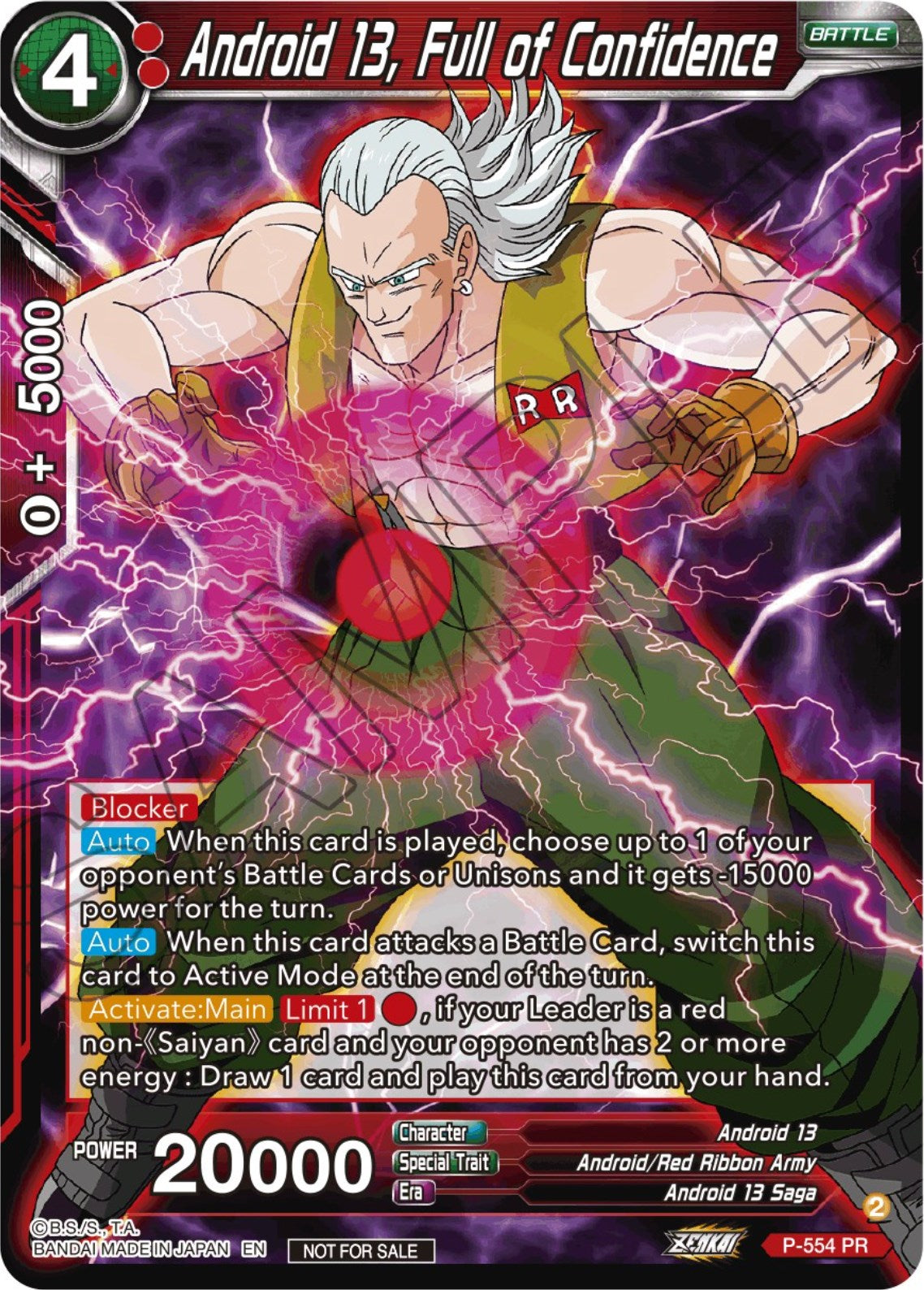 Android 13, Full of Confidence (Zenkai Series Tournament Pack Vol.6) (P-554) [Tournament Promotion Cards] | Odin's Place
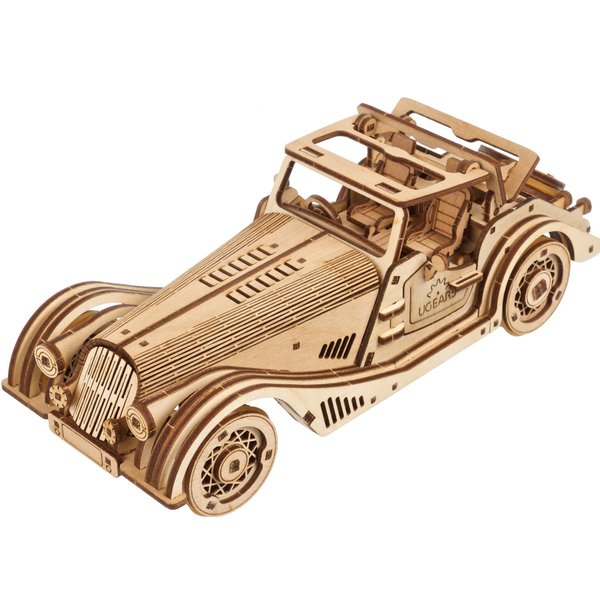 UGEARS Sports Car Rapid Mouse - 3D Car Model Puzzle with Powerful Dual Engine System - 3D Wooden Puzzles for Adults - Challenging Roadster Model Car Kits to Build - DIY 3D Puzzle Model Kits
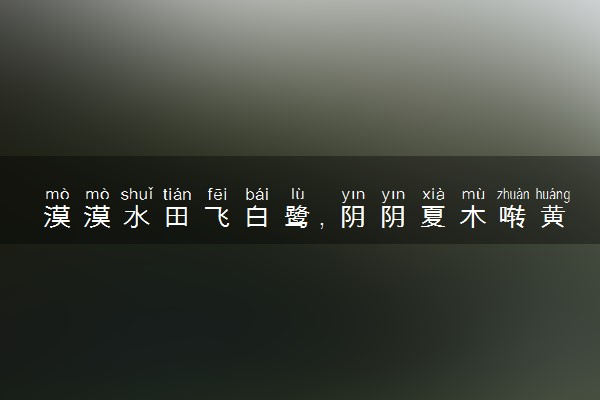 漠漠水田飞白鹭，阴阴夏木啭黄鹂。全诗翻译赏析及作者出处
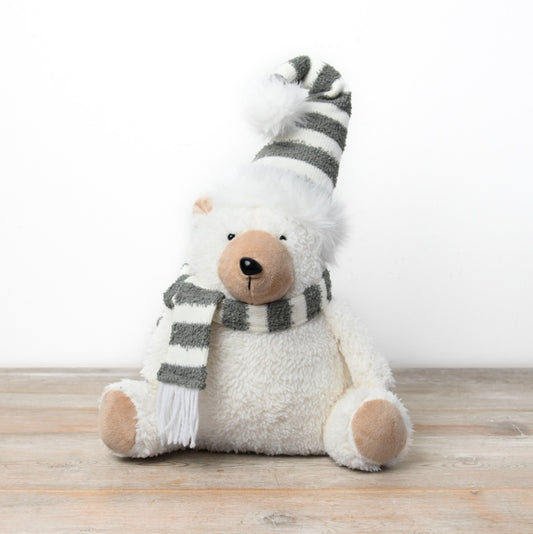 Polar Bear Decoration W/ Striped Scarf, 38cm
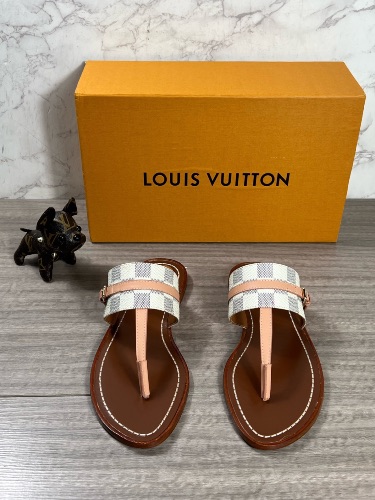 Louis Vuitton Damier Azur Palma flat thong sandals — 3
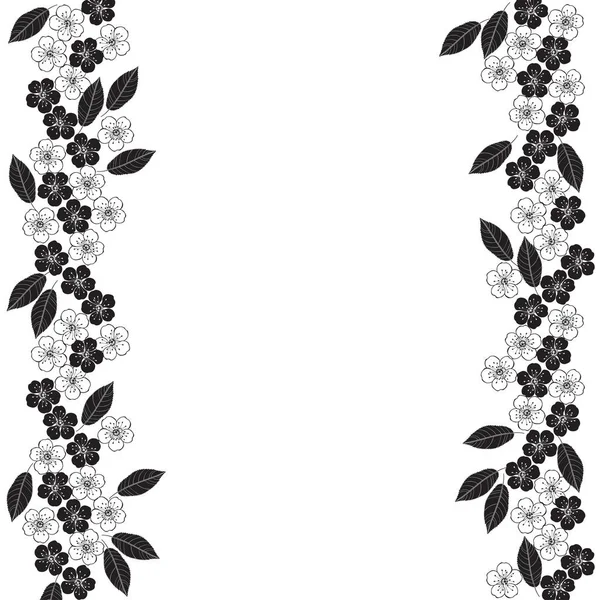 Fondo floral con flores de cerezo — Vector de stock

REQUIRED ACTION
From the first line above to the line containing "Polar Bear Decoration W/ Striped Scarf, 38cm", repeat each line exactly. Pictures stay out.

RESPONSE TO THIS TASK
 Android 13, Full of Confidence (Zenkai Series Tournament Pack Vol.6) (P-554) [Tournament Promotion Cards] | Odin's Place
 UGEARS Sports Car Rapid Mouse - 3D Car Model Puzzle with Powerful Dual Engine System - 3D Wooden Puzzles for Adults - Challenging Roadster Model Car Kits to Build - DIY 3D Puzzle Model Kits
 漠漠水田飞白鹭，阴阴夏木啭黄鹂。全诗翻译赏析及作者出处
 Polar Bear Decoration W/ Striped Scarf, 38cm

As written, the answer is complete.